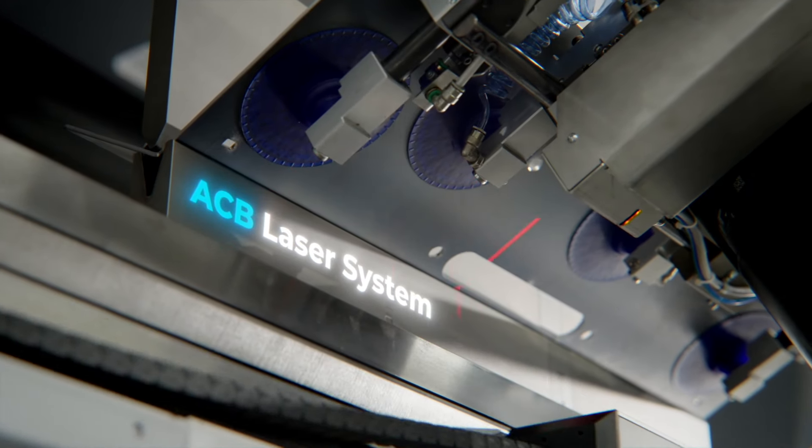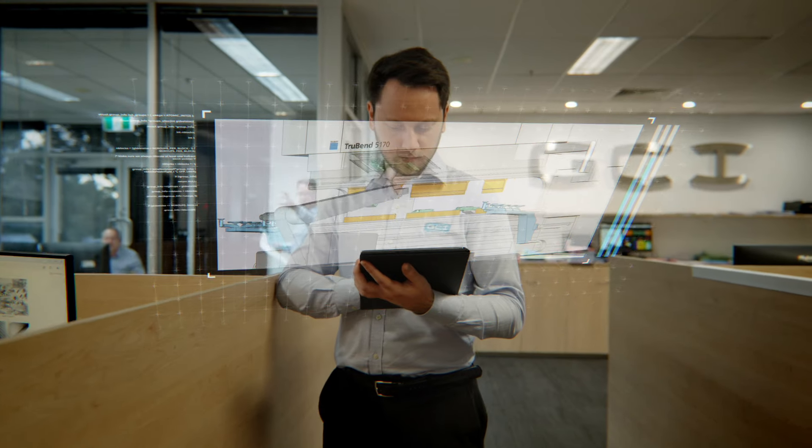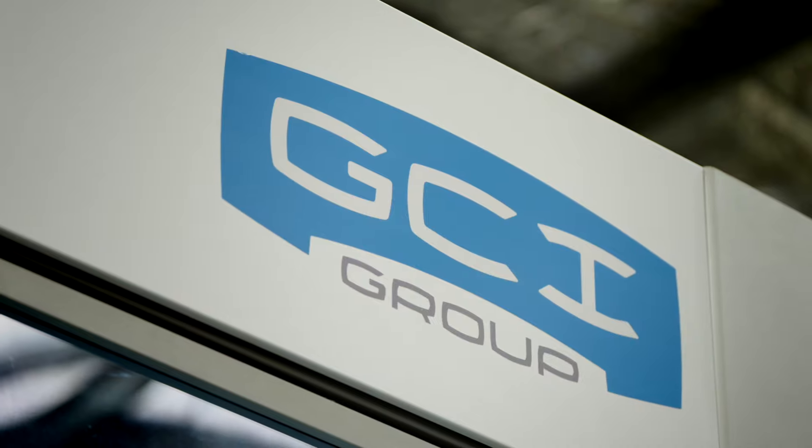Using ACB laser technology, we can be confident that each bend will consistently meet the very tight tolerances that our clients expect.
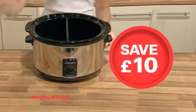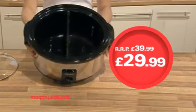Save £10 on this clever partitioned slow cooker and make two hearty dishes at once, only £29.99.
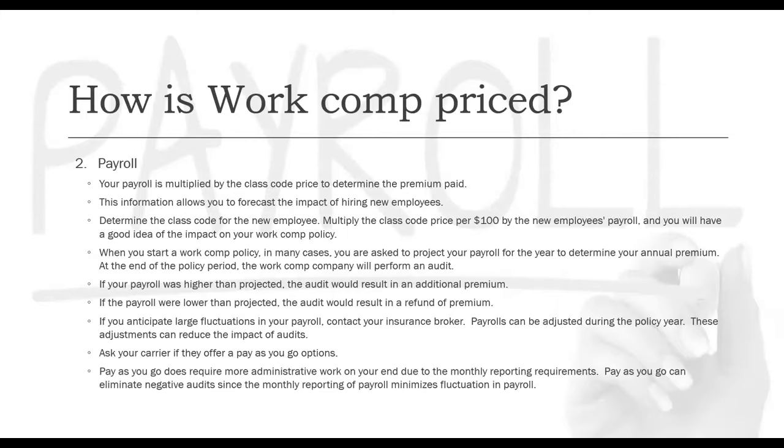At the end of the policy period, the work comp company will perform an audit. If your payroll was higher than projected, the audit will result in additional premium. If the payroll was lower than projected, the audit would result in a refund of premium. If you anticipate large fluctuations in your payroll, make sure you contact your insurance broker. Payrolls can be adjusted during the policy year, and these adjustments can help reduce the impact of an audit at the end of the year. Ask your carrier if they offer a pay-as-you-go option, though it does require more administrative work due to monthly reporting requirements.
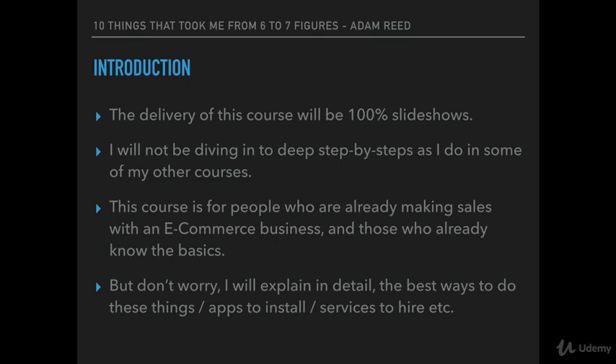We're not going to go into step-by-steps on how to set up a Shopify store, how to increase conversions, or how to run Facebook ads — that isn't what this course is about. This course is me going through 10 key things that have helped me get my business from six to seven figures. But don't worry, I will be explaining these 10 tips in detail: the best ways to go about these things, how to apply them, what apps you need, or services to hire, where to hire them, and what to look for in your hire. So it's not a shallow course — I am still going deep, I'm just simply not doing step-by-step screen sharing, because that isn't really required with what I have to teach you in this course.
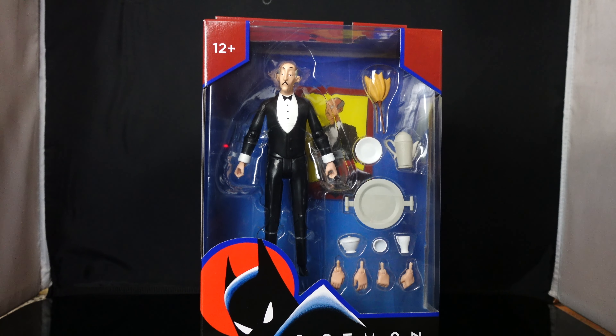What's up guys, Sahaman back with another review. Today we're going to be taking a look at the brand new McFarlane Toys DC Direct Batman the Animated Series Alfred Pennyworth Target Exclusive.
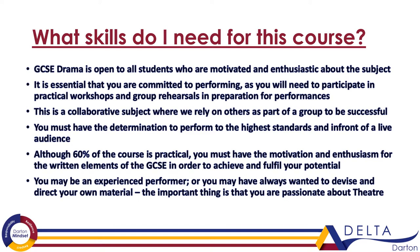You must have the determination to perform to the highest standards in front of a live audience — that means getting up and performing in front of people: family, friends, people in school, people in your class. And although 60% of this course is practical, you do have to be motivated and show enthusiasm for the written elements as well, because of course it is that process that helps you develop your understanding of the practical side in GCSE.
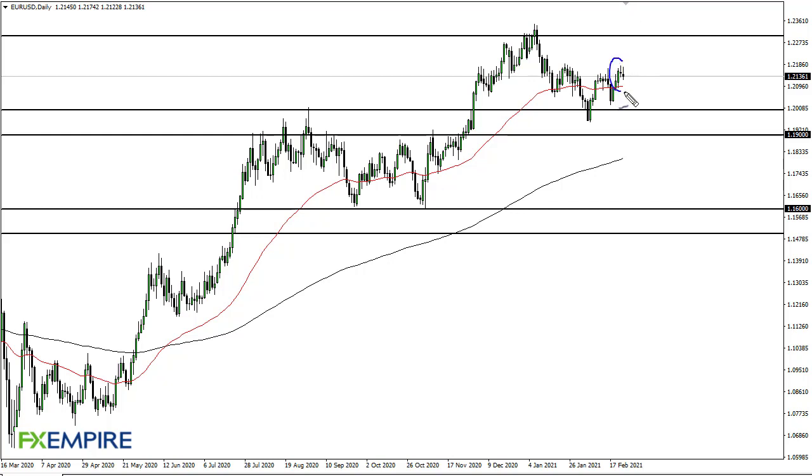From FX Empire, this is Chris taking a look at the euro. You can see the euro has been kind of noisy during the trading session — we initially shot higher and then pulled back to form a bit of a shooting star. The shooting star of course is a negative candlestick, but I'm not so interested in that.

* Problem details *
Everything in the material above is to be reproduced exactly, pictures aside.

* Answer to this exercise *
Using ACB laser technology, we can be confident that each bend will consistently meet the very tight tolerances that our clients expect.
Save £10 on this clever partitioned slow cooker and make two hearty dishes at once, only £29.99.
At the end of the policy period, the work comp company will perform an audit. If your payroll was higher than projected, the audit will result in additional premium. If the payroll was lower than projected, the audit would result in a refund of premium. If you anticipate large fluctuations in your payroll, make sure you contact your insurance broker. Payrolls can be adjusted during the policy year, and these adjustments can help reduce the impact of an audit at the end of the year. Ask your carrier if they offer a pay-as-you-go option, though it does require more administrative work due to monthly reporting requirements.
We're not going to go into step-by-steps on how to set up a Shopify store, how to increase conversions, or how to run Facebook ads — that isn't what this course is about. This course is me going through 10 key things that have helped me get my business from six to seven figures. But don't worry, I will be explaining these 10 tips in detail: the best ways to go about these things, how to apply them, what apps you need, or services to hire, where to hire them, and what to look for in your hire. So it's not a shallow course — I am still going deep, I'm just simply not doing step-by-step screen sharing, because that isn't really required with what I have to teach you in this course.
What's up guys, Sahaman back with another review. Today we're going to be taking a look at the brand new McFarlane Toys DC Direct Batman the Animated Series Alfred Pennyworth Target Exclusive.
You must have the determination to perform to the highest standards in front of a live audience — that means getting up and performing in front of people: family, friends, people in school, people in your class. And although 60% of this course is practical, you do have to be motivated and show enthusiasm for the written elements as well, because of course it is that process that helps you develop your understanding of the practical side in GCSE.
From FX Empire, this is Chris taking a look at the euro. You can see the euro has been kind of noisy during the trading session — we initially shot higher and then pulled back to form a bit of a shooting star. The shooting star of course is a negative candlestick, but I'm not so interested in that.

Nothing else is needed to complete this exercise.